_PROBLEM STATEMENT_. Nothing but the lines from the one containing "MAUD Special Chief" through the end of the data below should appear in the answer, each exact and free of pictures.

_DATASET EXCERPTS_.
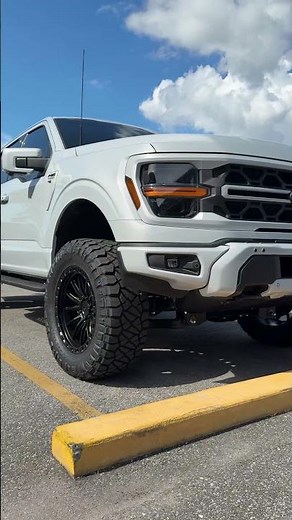 Arena Wheel Co. / Ford F150 / Mission (Style# A103)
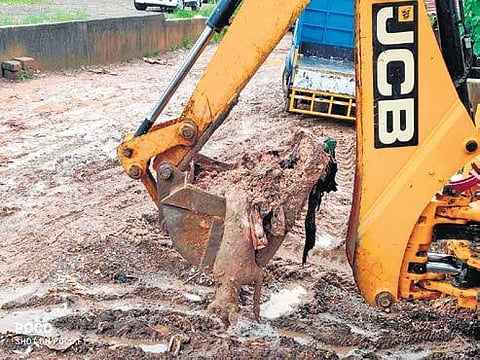 MAUD Special Chief Secretary, officials visit Jawaharnagar dumping yard, promise solution 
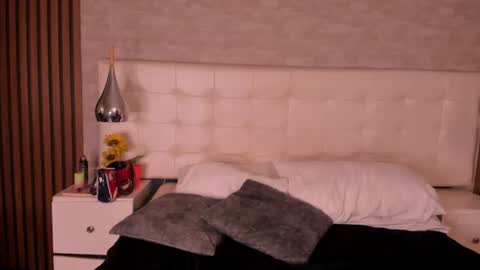 sofiathoompson online show from June 12, 2:54 am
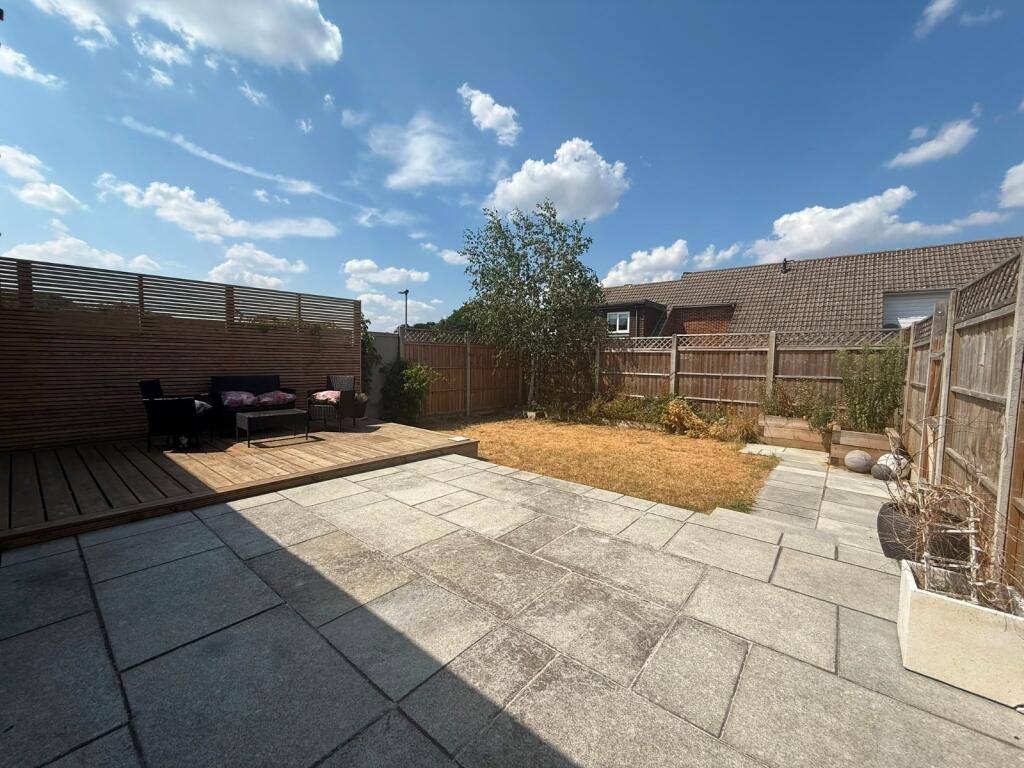 House in Bracknell - More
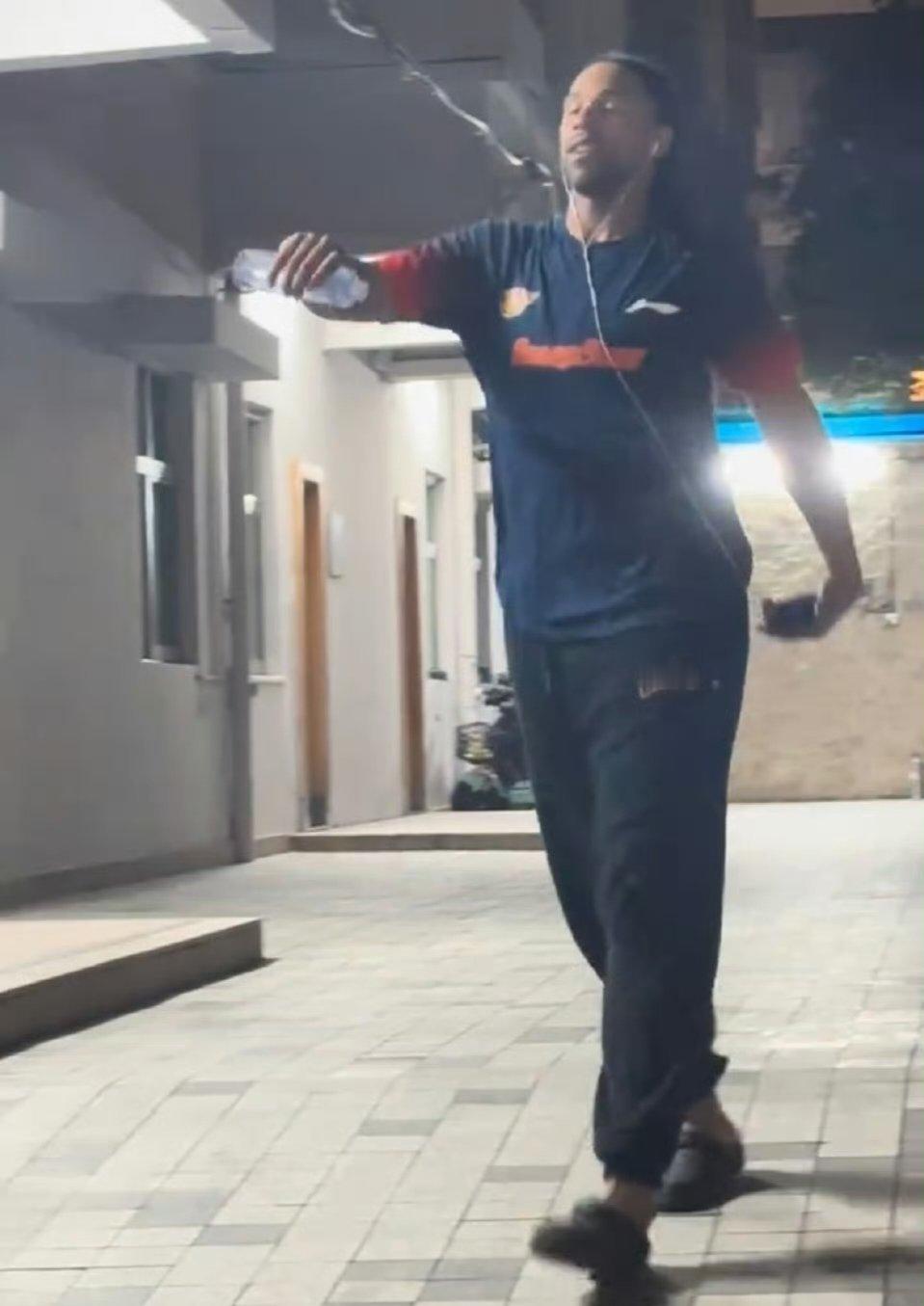 萨林杰伤病一点问题没有哈，说伤病都是烟雾弹，球迷别听广东自媒体和球队那种公关宣传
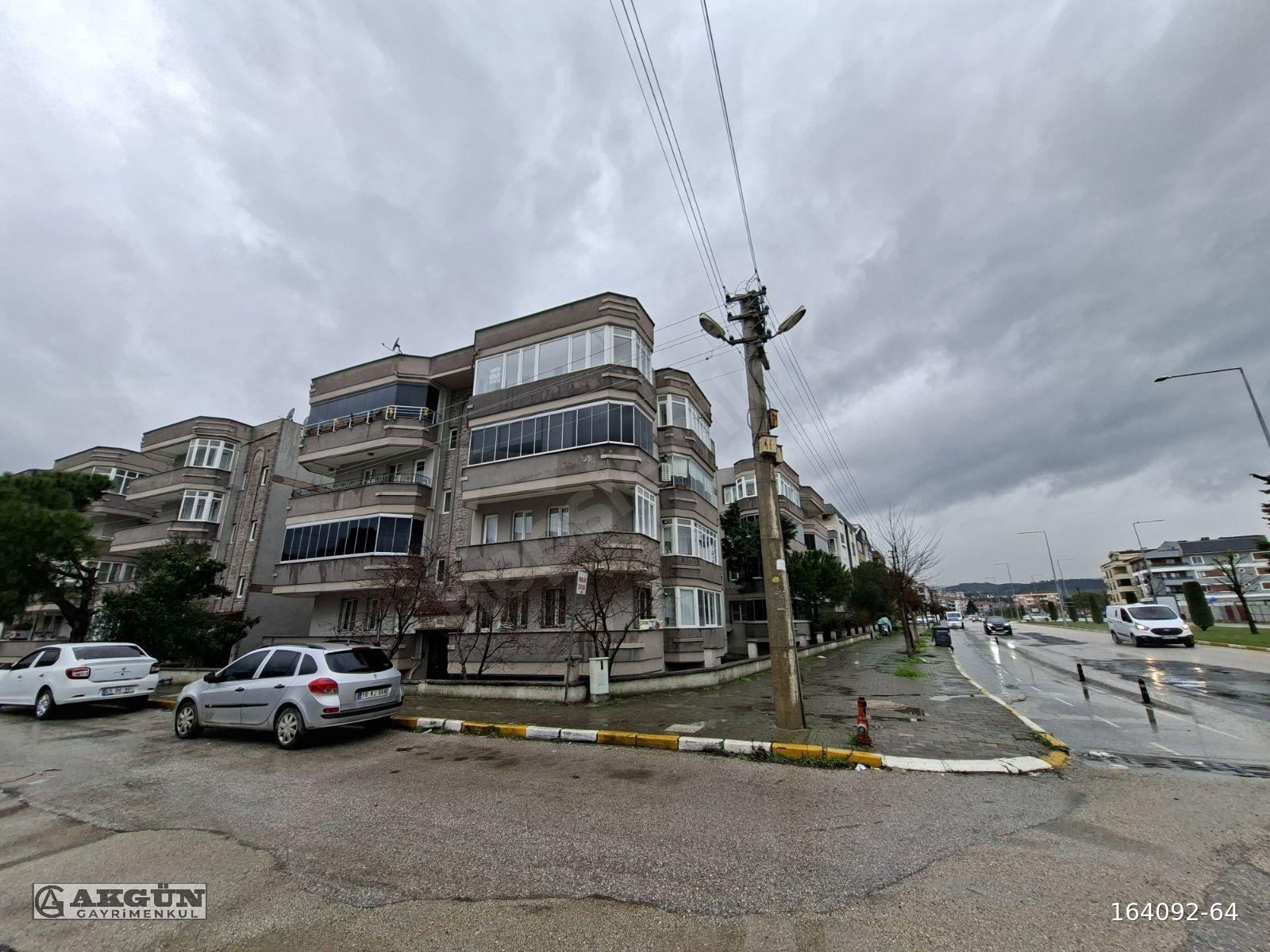 AKGÜNDEN Paşalanında 3+1 125 m2 Kiralık daire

_EXPECTED OUTPUT_.
 MAUD Special Chief Secretary, officials visit Jawaharnagar dumping yard, promise solution 
 sofiathoompson online show from June 12, 2:54 am
 House in Bracknell - More
 萨林杰伤病一点问题没有哈，说伤病都是烟雾弹，球迷别听广东自媒体和球队那种公关宣传
 AKGÜNDEN Paşalanında 3+1 125 m2 Kiralık daire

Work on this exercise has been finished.